Psychologische Sicherheit und Leistungsstandards

Letztendlich bedeutet psychologische Sicherheit nicht, dass die Arbeit so angenehm wie möglich gestaltet werden soll oder, dass die Leistungsansprüche am Arbeitsplatz sinken.


Im Gegenteil:

Amy Edmondson betont, dass psychologische Sicherheit auch in Umgebungen mit hohen Zielen und Leistungsstandards bestehen kann. Sie hat ein Modell entwickelt, das zeigt, wie psychologische Sicherheit und Leistungsstandards zusammenwirken.

Wenn sowohl die psychologische Sicherheit als auch die Leistungsstandards niedrig sind, landet man in der sogenannten „Apathie-Zone“. Hier wird oft nur das Nötigste erledigt, ohne Freude an der Arbeit und mit wenig Verantwortungsbewusstsein. Die Zusammenarbeit im Team bleibt ebenfalls auf der Strecke.


In der „Komfort-Zone“ sieht es anders aus: Hier ist die psychologische Sicherheit hoch, aber die Leistungsstandards sind niedrig. Die Mitarbeiter arbeiten gerne und kollegial zusammen, doch die Aufgaben sind nicht wirklich herausfordernd.


Wenn hohe Leistungsstandards auf niedrige psychologische Sicherheit treffen, befinden wir uns in der „Angst-Zone“. In dieser Zone herrschen Unsicherheit und zwischenmenschliche Ängste, was zu Unzufriedenheit führt und sich negativ auf die Qualität der Arbeit auswirkt.


Die beste Situation ist die „Lern-Zone“, wo sowohl psychologische Sicherheit als auch hohe Leistungsstandards gegeben sind. In dieser Zone arbeiten die Mitarbeiter eng zusammen, lernen voneinander und entwickeln gemeinsam innovative Ideen. Das ist der Ort, an dem echtes Wachstum und Bestleistung stattfinden können!

Positive Effekte der psychologischen Sicherheit

Die positiven Effekte psychologscher Sicherheit auf Innovationskraft und Bereitschaft zur Veränderung können dazu beitragen, neue Prozesse zu entwickeln und Veränderungen erfolgreich umzusetzen.

Außerdem spielt psychologische Sicherheit eine große Rolle bei der Schaffung einer gesunden Fehlerkultur am Arbeitsplatz.

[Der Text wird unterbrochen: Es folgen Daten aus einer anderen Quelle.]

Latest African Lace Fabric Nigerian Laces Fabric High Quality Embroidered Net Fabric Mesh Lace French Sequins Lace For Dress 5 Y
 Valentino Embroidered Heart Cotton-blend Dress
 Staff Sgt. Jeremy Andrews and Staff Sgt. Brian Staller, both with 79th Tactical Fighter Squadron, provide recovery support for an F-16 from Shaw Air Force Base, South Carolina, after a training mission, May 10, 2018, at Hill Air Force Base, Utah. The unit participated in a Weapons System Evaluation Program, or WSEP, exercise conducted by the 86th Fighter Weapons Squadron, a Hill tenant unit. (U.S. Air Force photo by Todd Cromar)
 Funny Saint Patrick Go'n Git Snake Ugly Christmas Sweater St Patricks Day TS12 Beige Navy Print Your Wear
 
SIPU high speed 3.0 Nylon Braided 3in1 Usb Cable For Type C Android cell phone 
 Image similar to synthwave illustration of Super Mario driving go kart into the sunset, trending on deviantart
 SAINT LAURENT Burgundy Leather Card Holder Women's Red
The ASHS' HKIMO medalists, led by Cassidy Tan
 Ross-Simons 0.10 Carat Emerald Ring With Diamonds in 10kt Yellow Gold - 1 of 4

Fehlerkultur beschreibt, wie eine Organisation mit Fehlern und Misserfolgen umgeht.

Wenn Fehler als Lernchancen und nicht als Versagen betrachtet werden, spricht man von einer gesunden Fehlerkultur.


Diese Einstellung führt dazu, dass Fehler im Unternehmen offener kommuniziert werden. Eine positive Fehlerkultur fördert also einen konstruktiven Umgang mit Fehlern, ohne Schuldzuweisungen oder Schamgefühle.

Mitarbeiter in einem psychologisch sicheren Umfeld sind weniger auf ihren Selbstschutz bedacht und stattdessen stärker auf das Erreichen gemeinsamer Ziele fokussiert.

Arbeitsumgebungen, die von psychologischer Sicherheit geprägt sind, wirken positiv auf Wohlbefinden, Bindung und Engagement und Teambildung der Mitarbeiter.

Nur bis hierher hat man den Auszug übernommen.